A top EU official questioning the sincerity of young climate protesters and joking that they have “Greta syndrome” sparked blowback in Brussels on Friday among politicians and students demonstrating against climate change.

EU foreign policy chief Josep Borrell triggered the row by saying he believed school students had been galvanised by teen Swedish climate activist Greta Thunberg without fully realising the costs they would have to bear to ensure a carbon-neutral future.

It “can be called ‘Greta syndrome’,” Borrell, 72, said during a meeting at the European Parliament on Wednesday.

“It is very good to go out and demonstrate against climate change until you are not asked to contribute to pay for it,” he said, according to televised footage that was widely shared on social media.

Borrell expressed “doubt” that the students skipping school to stage Fridays for Future climate protests started by Thunberg “are aware of what these measures will cost them and if they are willing to lower their standard of living”.

A student climate protest leader in Brussels, Anuna De Wever, 18, on Friday slammed Borrell’s comments.

“That a commissioner says that this is impossible is completely ridiculous because he knows that it’s not and there is no alternative because then humanity will cease to exist if we don’t actually solve the climate crisis,” she told AFP.

Speaking during a fresh student demonstration against climate change that drew hundreds of people, De Wever acknowledged that retooling society to reduce its carbon footprint was going to be costly, but said her generation was well aware of that.

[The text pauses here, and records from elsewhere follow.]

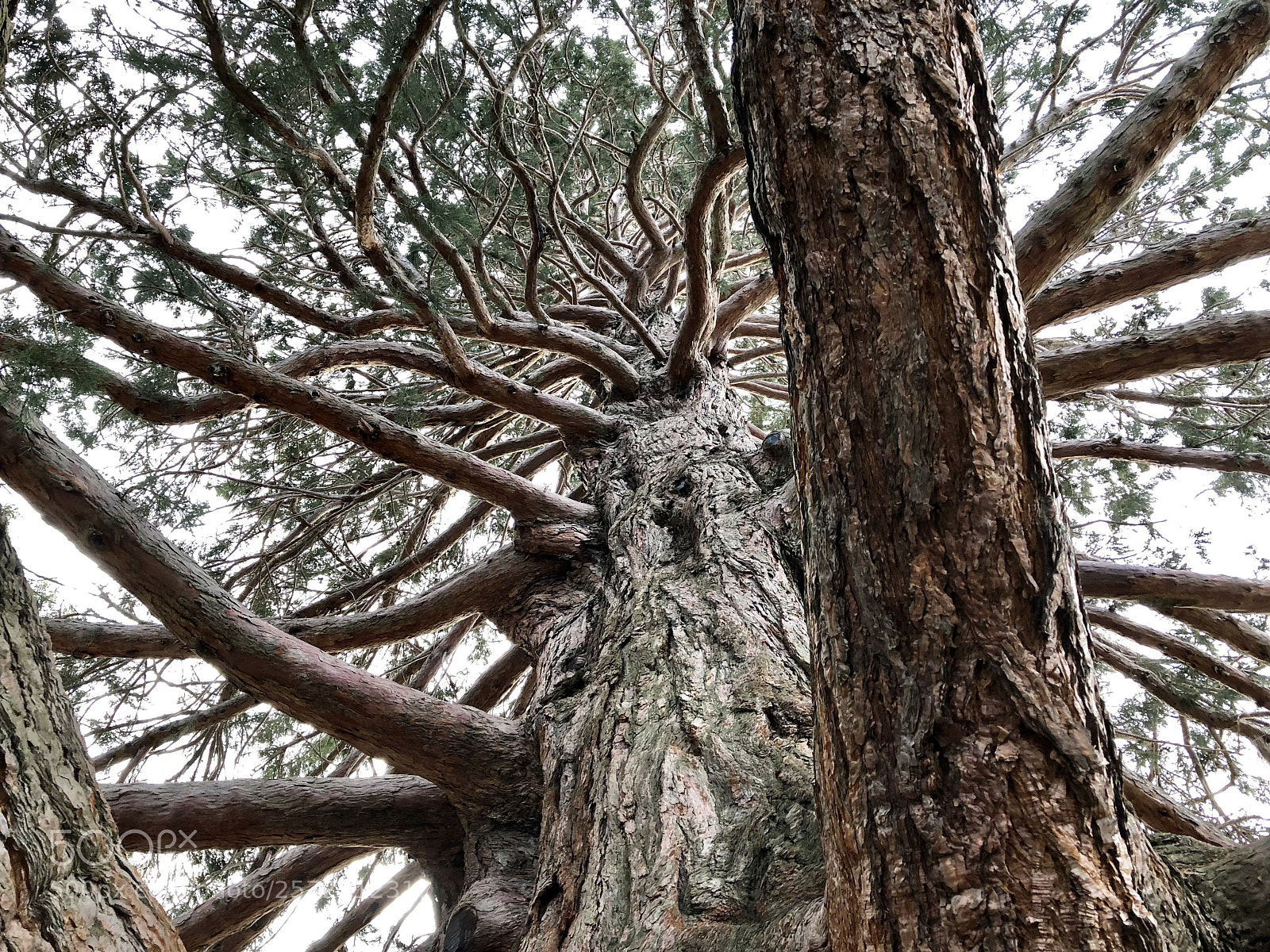 Apple iPhone 8 sample photo. Big tree photography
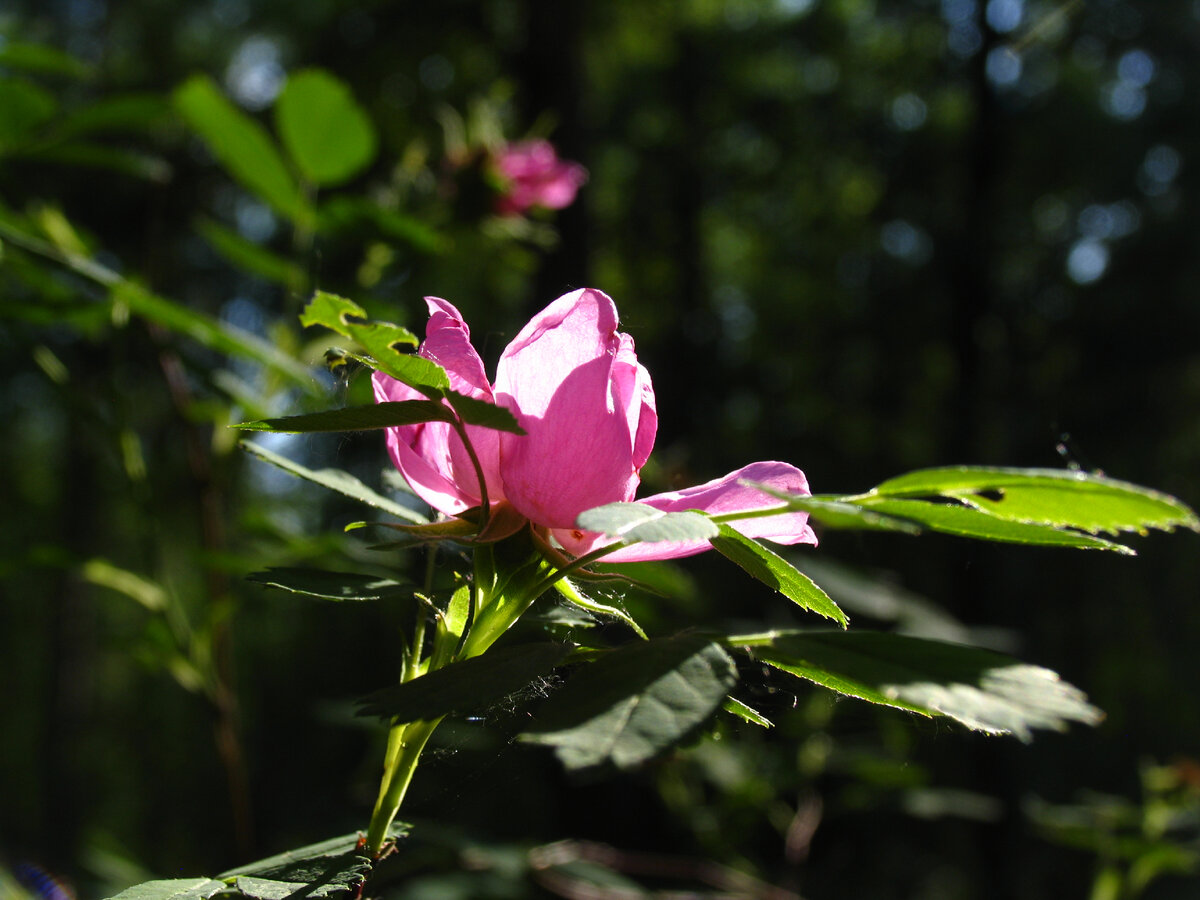 Canon PowerShot SX620 HS Review: Convenient and Decently Powerful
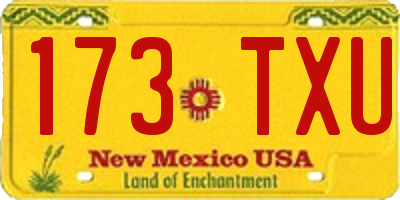 NM license plate 173TXU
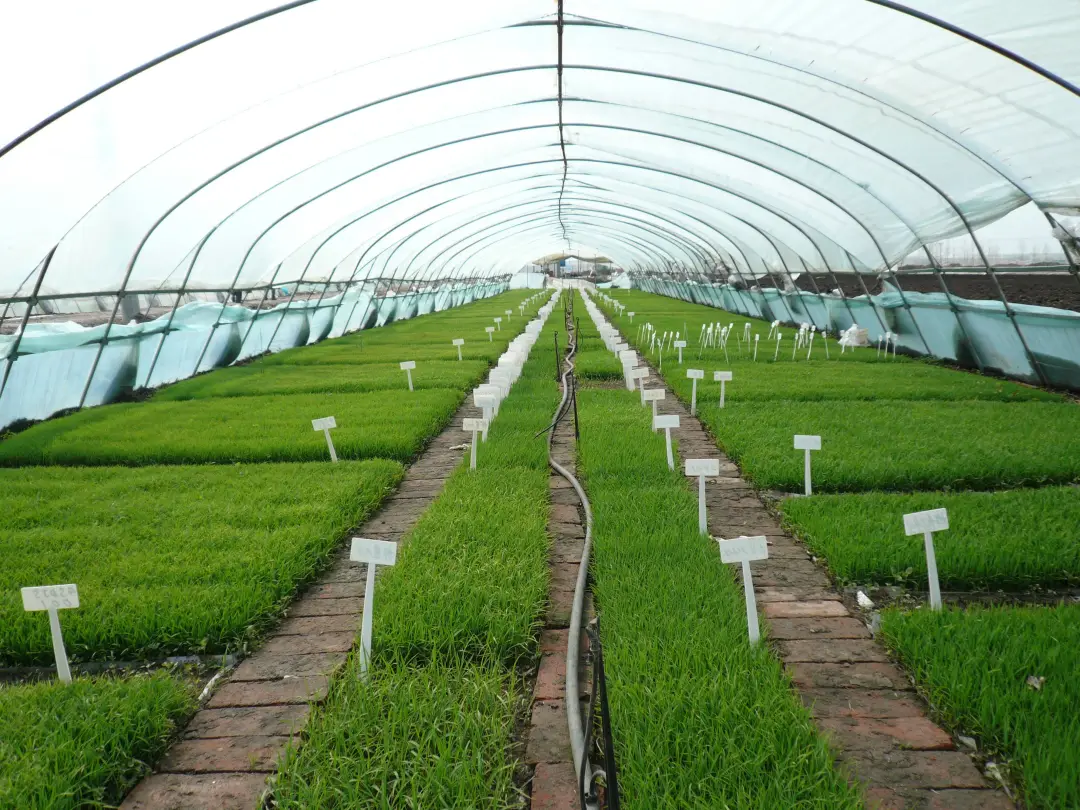 盤和林：&ldquo;十四五&rdquo;：鄉(xiāng)村建設進入數(shù)字驅(qū)動新階段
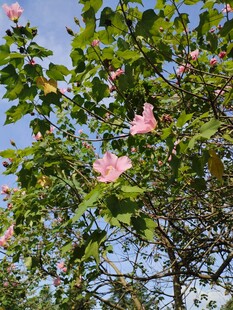 粉花绿树映蓝天芙蓉花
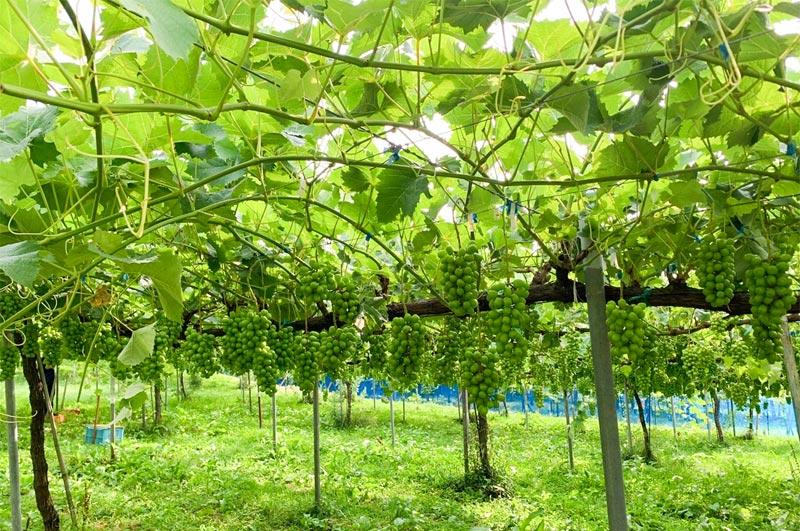 シャインマスカットイメージ画像4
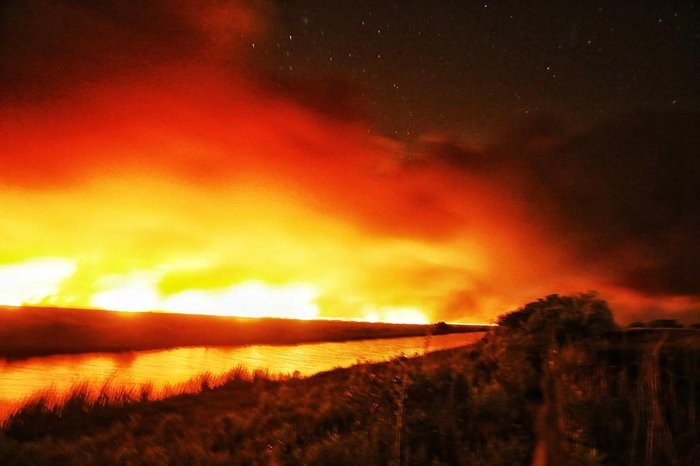 Mais de 2,5 mil hectares foram atingidos pelas chamas na Estação Ecológica do Taim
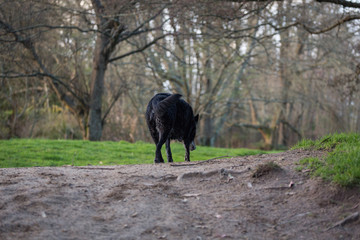 Naklejka premium Dog walking in park 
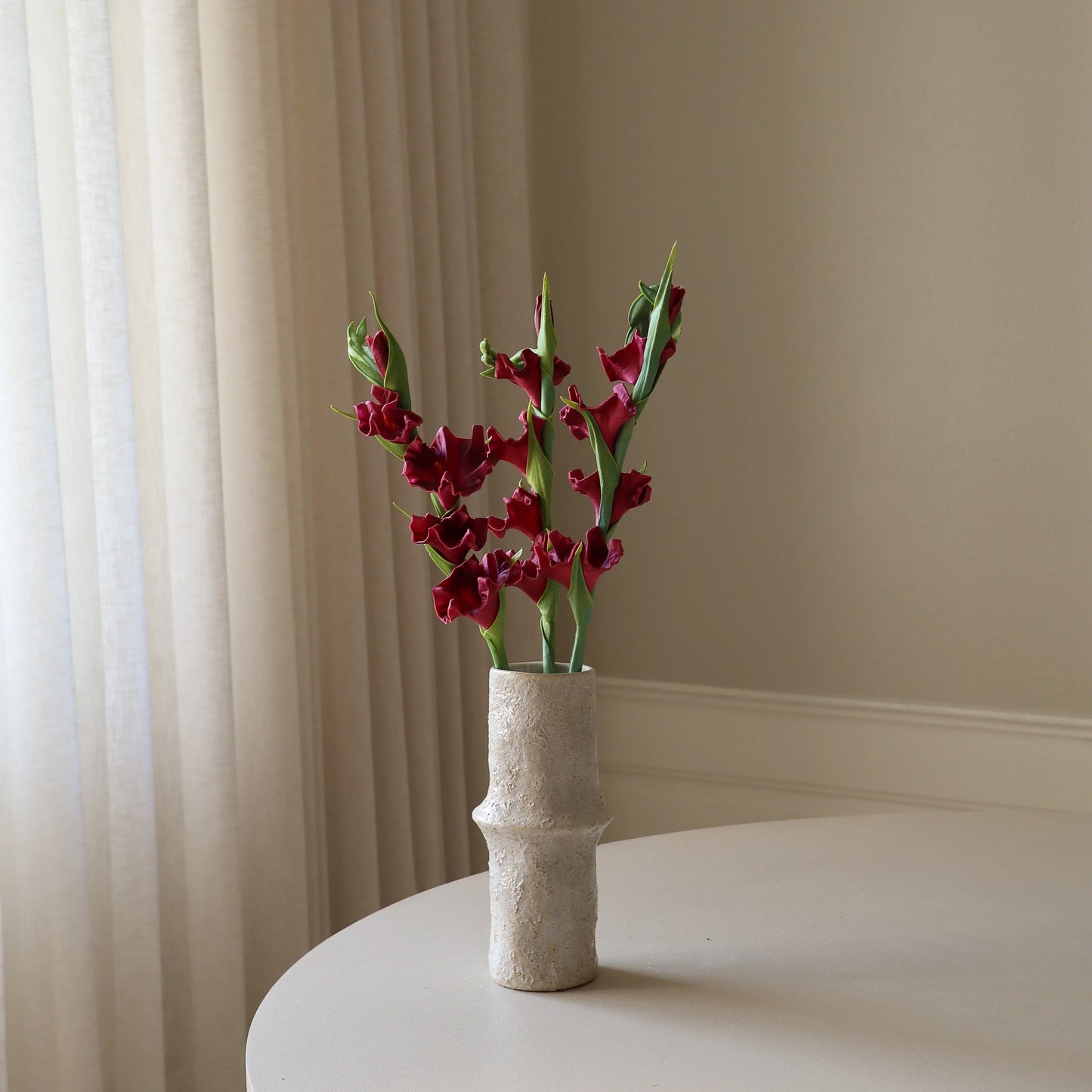 Botané, GLADIOLUS, DARK RED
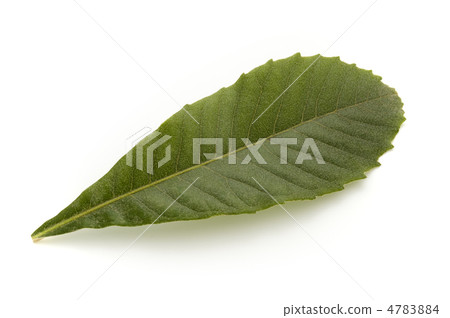 Loquat leaves Loquat leaves 4783884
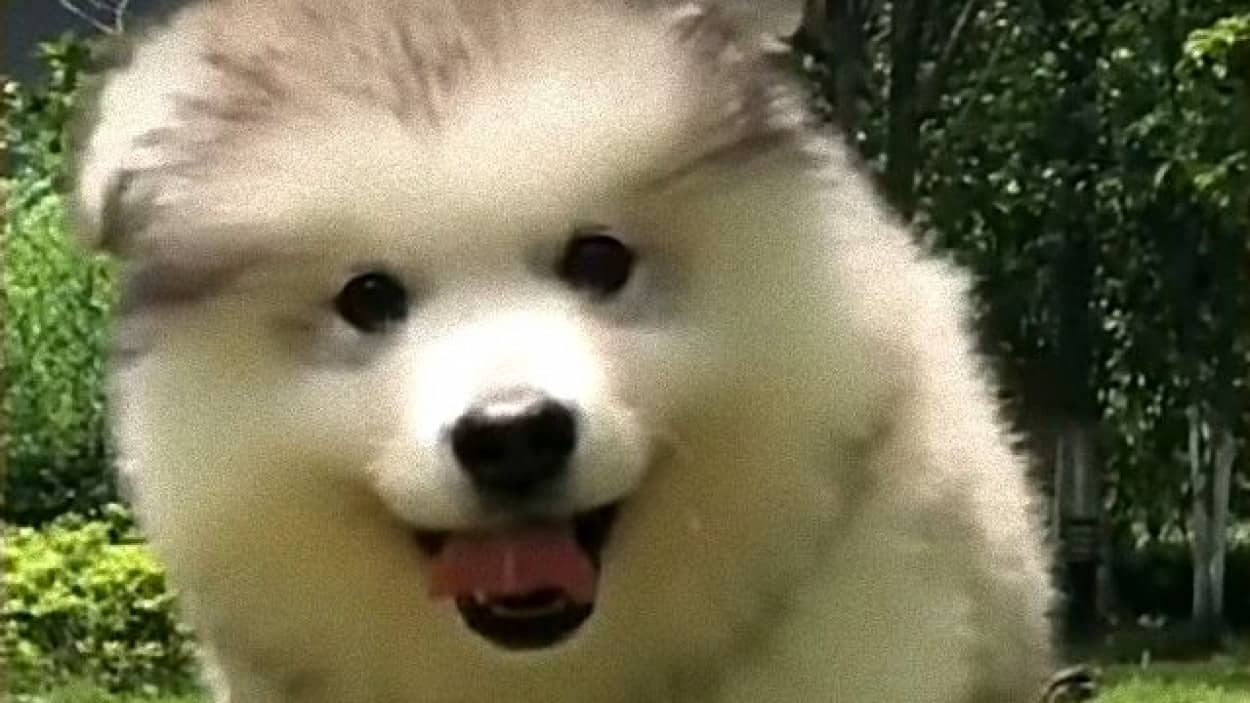 暑くなってきたけどやっぱりかわいい モフころマラミュートの赤ちゃんたち カラパイア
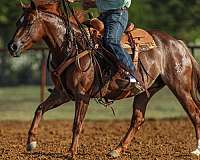 husband-safe-quarter-horse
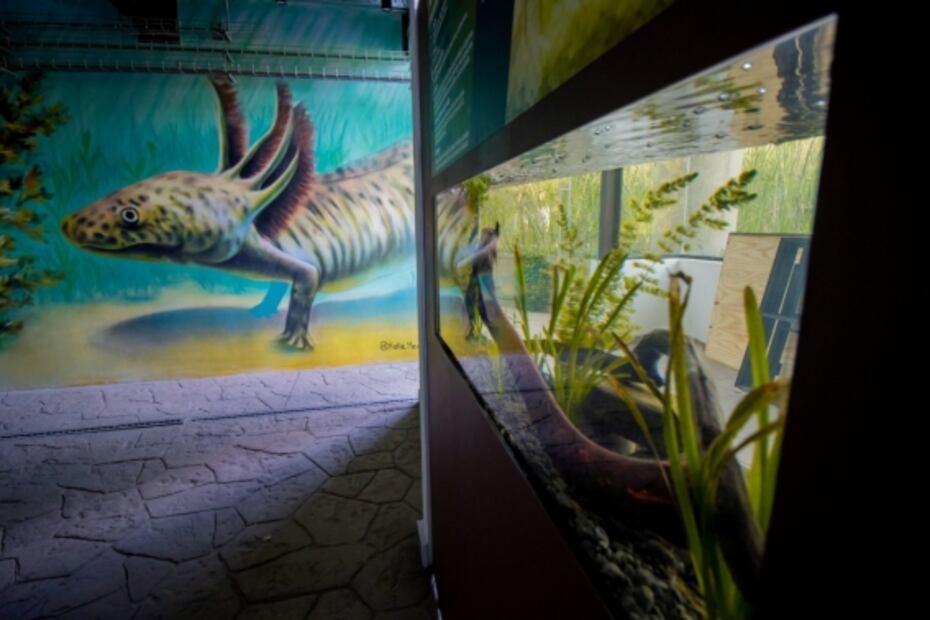Museo del Ajolote, todo lo que debes saber antes de visitarlo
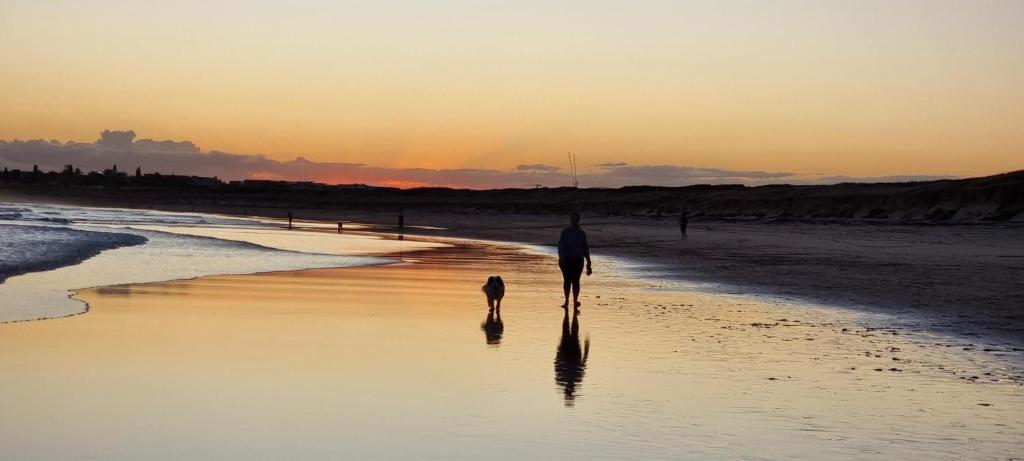 a man and a dog walking on the beach at Kurranulla Sapphire - Unit 1 in Cronulla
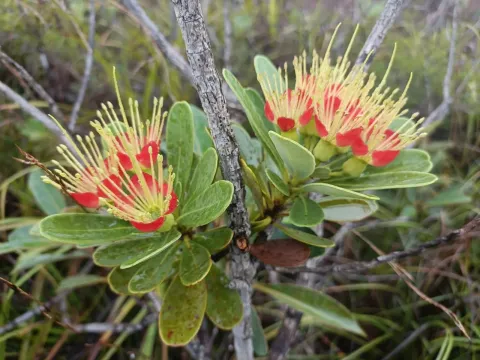 Orange Xanthostemon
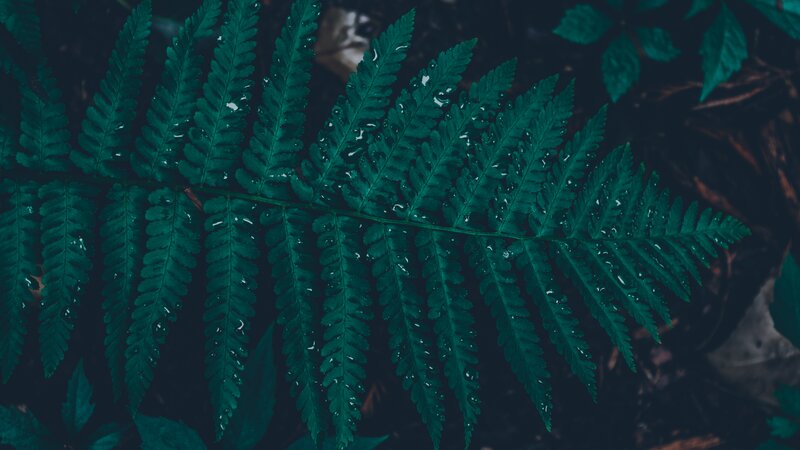 Fern Leaf with Water Droplets — Green
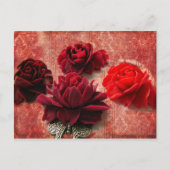 Rote Rosen Postkarte (Vorderseite)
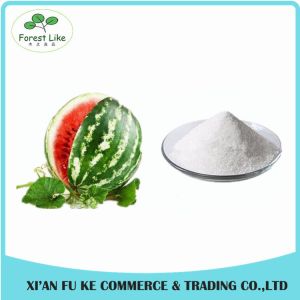 Manufacture Sales Directly GMP Certificate Watermelon Extract L- citrulline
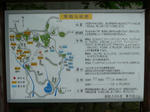 P1000312.JPG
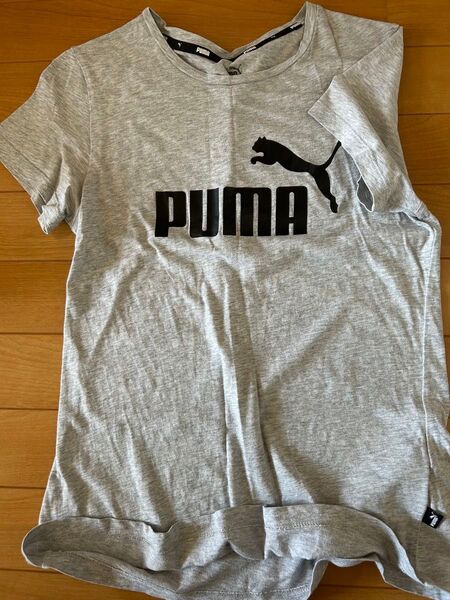 PUMA Tシャツ Mサイズ グレー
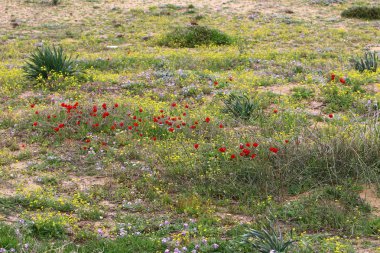 Doğa yaşam alanıdır 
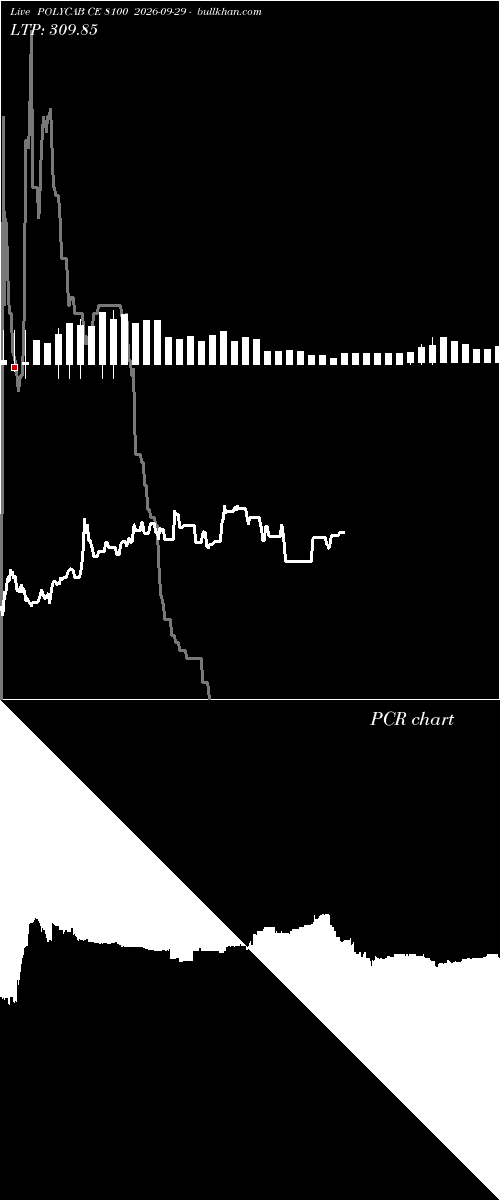  option chart POLYCAB CE 8100 2026-09-29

“This is going to be really expensive,” she said. “Obviously we’re willing to pay the price to have a future.”

– ‘Unacceptable’ –

The Greens grouping of MEPs in the European Parliament also criticised Borrell, tweeting that his comments “are unacceptable for a representative of the EU”.

They said “we’ll be asking for a full explanation from him next week”.

MEP Carles Puigdemont, a Catalan separatist who crossed swords with Borrell when the latter was in his previous post as Spain’s foreign minister, asked whether the European Commission shared his view of young climate protesters.

A European Commission spokesman, Eric Mamer, told journalists that the entire EU executive “definitely stands in its entirety behind the European Green Deal which acknowledges and supports the aspirations of young — and less-young — people to combat climate change”.

The Commission has made tackling climate change the centrepiece of its action, pledging to spend billions of euros a year towards its Green Deal with the goal of making the EU climate neutral by 2050.